Embora deixe sempre uma sensação de incompletude, esse modelo parece vantajoso para muitas pessoas, uma vez que dá a impressão de que estamos realizando algo. No entanto, em vez de restaurar a confiança em Deus, deixa a todos frustrados ao propor que confiar em nossa capacidade é o que vale a pena.

Por isso Lya Luft está correta ao dizer que nascemos “(...) precisando urgente de conserto”. Para isso, ela nos encoraja em seu texto a abandonar as “entidades inventadas” que estabelecemos como os algozes de nossa felicidade, claramente pensando sob a égide de um sistema recompensa-punição.

Penso que esse conserto, realmente urgente, não acontece dessa forma. Acho isso porque compreendo que, embora muitas de nossas culpas sejam produto de nossas incongruências e dos “fantasmas”, nossos e de outros, que povoam o subconsciente, há uma culpa real que só aparece quando pensamos em termos de decisão-conseqüência e que precisa ser solucionada. Somos culpados por virar as costas à oportunidade de felicidade oferecida pelo Criador da existência. Somos culpados por desperdiçar o Seu oferecimento de crédito sem limite para uma vida com propósito. Somos culpados pela rejeição da companhia do único capaz de dar sentido à vida, por que é o seu Criador.

Ao final do texto, talvez sem prestar muita atenção às propostas que fez e reconhecendo as limitações humanas para consertar-se a si mesmo, Lya Luft pergunta por uma oficina boa, barata, perto de casa e honesta onde esse conserto possa ser feito.

Nas páginas de Velho Livro há um conceito que se parece muito com essa oficina procurada pela autora e não posso me furtar a apresentá-lo. A palavra é conhecida: Graça. Mas seu significado e aplicação, infelizmente, são apropriados por poucos. Por isso vou apresentar os motivos porque considero a Graça de Deus como a única oficina boa, barata, perto de casa e honesta onde eu e você podemos ser consertados.

Antes, no entanto, é preciso apenas que você compreenda que Graça é um favor imerecido, isto é, um presente que você recebe sem que tenha feito qualquer coisa que explique isso. A Bíblia diz que Deus é a fonte plena de Graça. Uma vez que ele mesmo não é devedor de qualquer coisa a quem quer se seja, apenas ele pode ser essa fonte infinita de Graça.
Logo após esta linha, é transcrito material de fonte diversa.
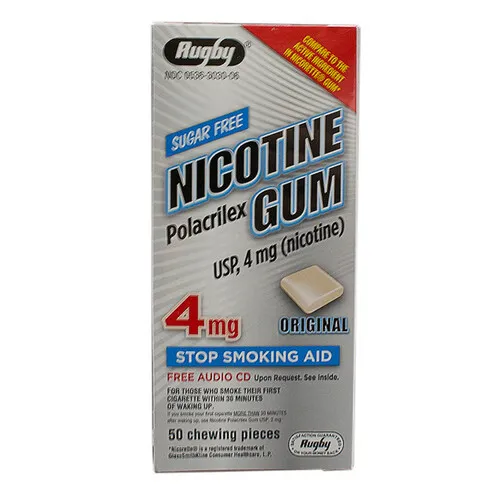 Nicotina Goma Original 50 Chicles 4mg Por Rugby
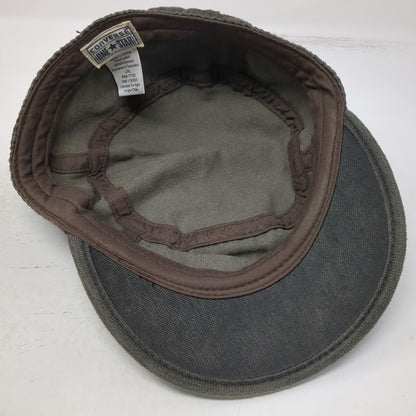 Converse One Star Army Cap Gray XL Decorative Bands Metal Eyelets Cadet Hat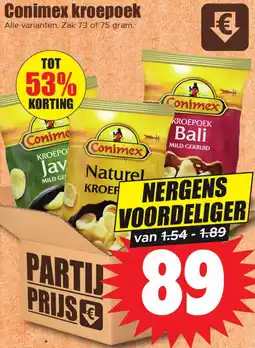 Dirk Conimex kroepoek aanbieding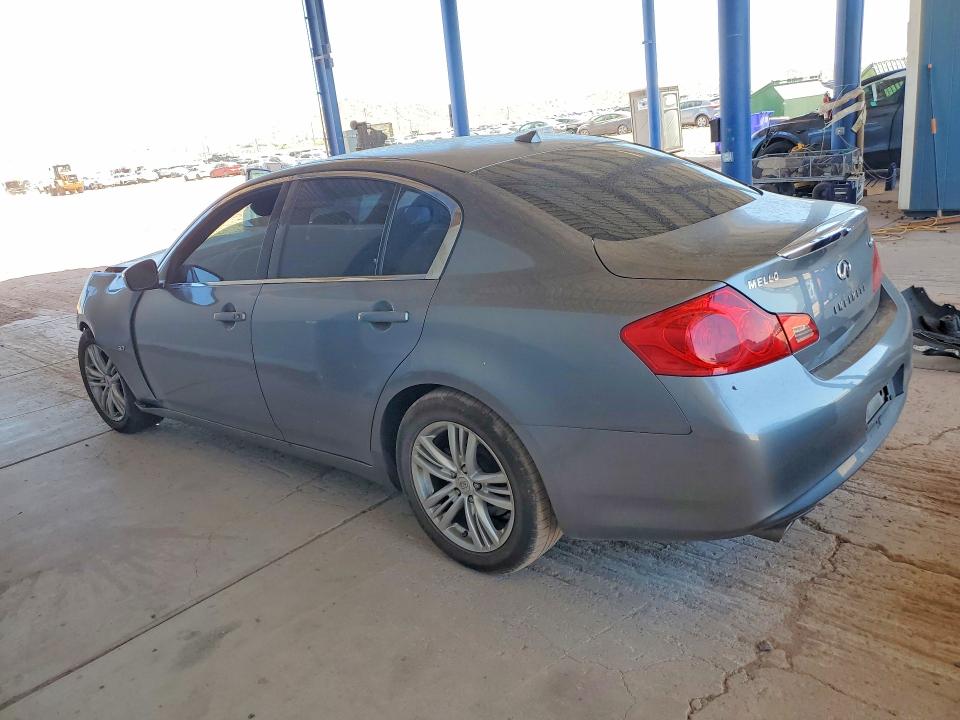 2015 Infiniti VIN JN1CV6AP8FM500246 COPART salvage auction — FRONT END, AZ - CERT OF TITLE - SALVAGE, sold $175 on 2026-07-21 (photo 2)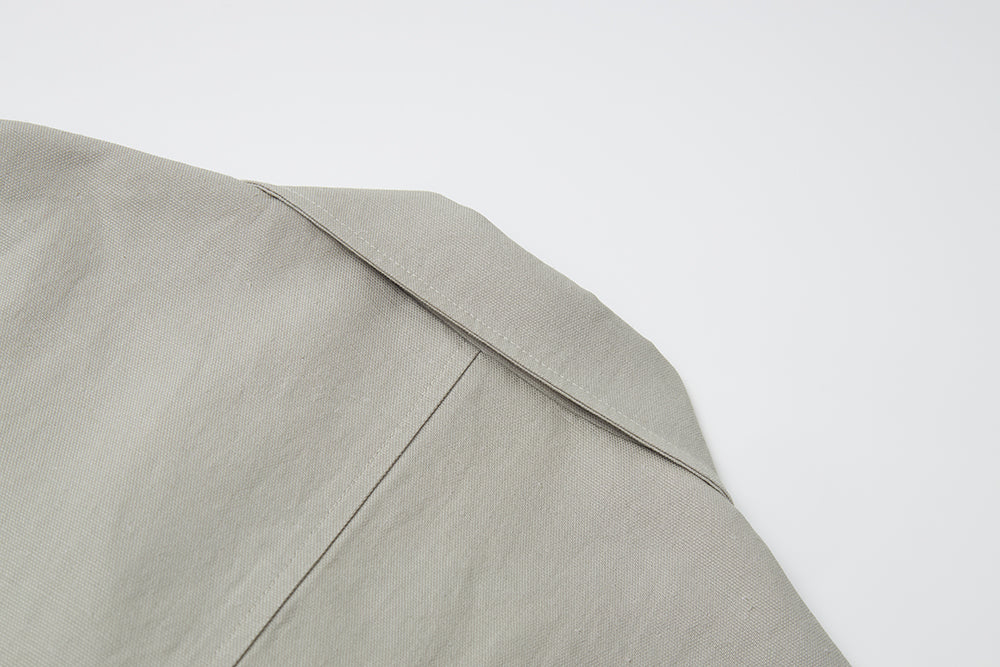 S44879 Double Breasted High Neck Jacket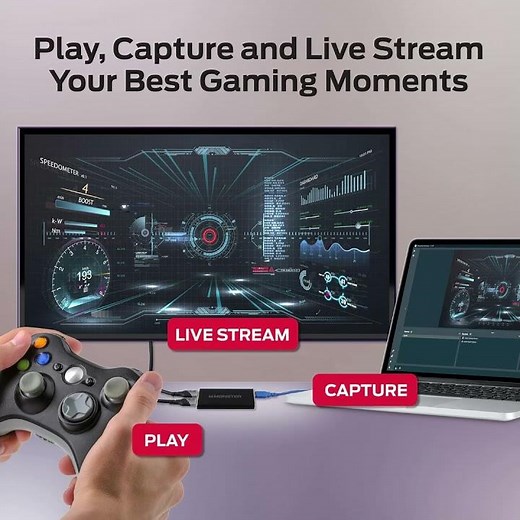 Monster Capture Card, 4K 60FPS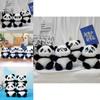 Adorable Plush Panda Keychain Super Soft Short Plush Stuffed Toy Bag Charm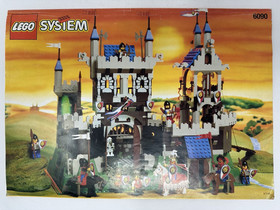 LEGO System 6090 Instruction Manual ONLY  Royal Knights Castle 1995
Dizer que somos alvo da Graça de Deus é dizer que temos recebido dele presentes especiais sem merecermos absolutamente nada.

Veja que a Graça de Deus não tem lugar em um sistema recompensa-punição. Não há mérito suficiente, não há trocas ou favores capazes de mover a Graça de Deus em direção a alguém. Ela não tem razão, a não ser o amor que transborda do Seu coração.

A Graça de Deus é uma boa oficina para consertar o homem porque por ela somos recebidos como estamos. Não há qualquer exigência ou pré-condição. Ela é o tipo de oficina que recebe desde os que não se acham quebrados, mesmo não funcionando há muito tempo, até aqueles que se acham aos pedaços e por isso são imediatamente socorridos.

A Graça de Deus não lhe custa nada. Não é que ela não tenha valor. É que o valor é tão alto que você jamais conseguiria pagar. Por isso mesmo, seu preço foi pago por outro. A Graça não lhe custa nada, mas custou a vida Daquele que nada precisava pagar.

A Graça de Deus está sempre ao seu alcance. Está perto de casa e também dentro da casa. Ela lhe alcança onde você estiver e quando você quiser. Não há intermediários nem a necessidade de ir muito longe. Basta clamar a Deus, o único capaz de concedê-la.

Na Graça de Deus não há engano. Não há truques ou surpresas. É simples assim: Deus lhe dá a oportunidade de restaurar sua confiança Nele. Isso porque as ofensas das quais você é realmente culpado foram pagas pelo auto-sacrifício do filho de Deus, Jesus Cristo.

Espero que esse artigo de alguma forma chegue às mãos de Lya Luft e ajude a compreender essa maravilhosa oficina, capaz de nos concertar mesmo sem que mereçamos qualquer coisa.

Desejo também que você não fique sem jeito ou desconfiado se entendeu que o conserto da sua vida quebrada existe e está a sua disposição. Confie na bondade e na capacidade do Senhor em lhe fazer feliz, peça a Ele atendimento imediato e comece a viver uma vida de reparos e consertos do Alto.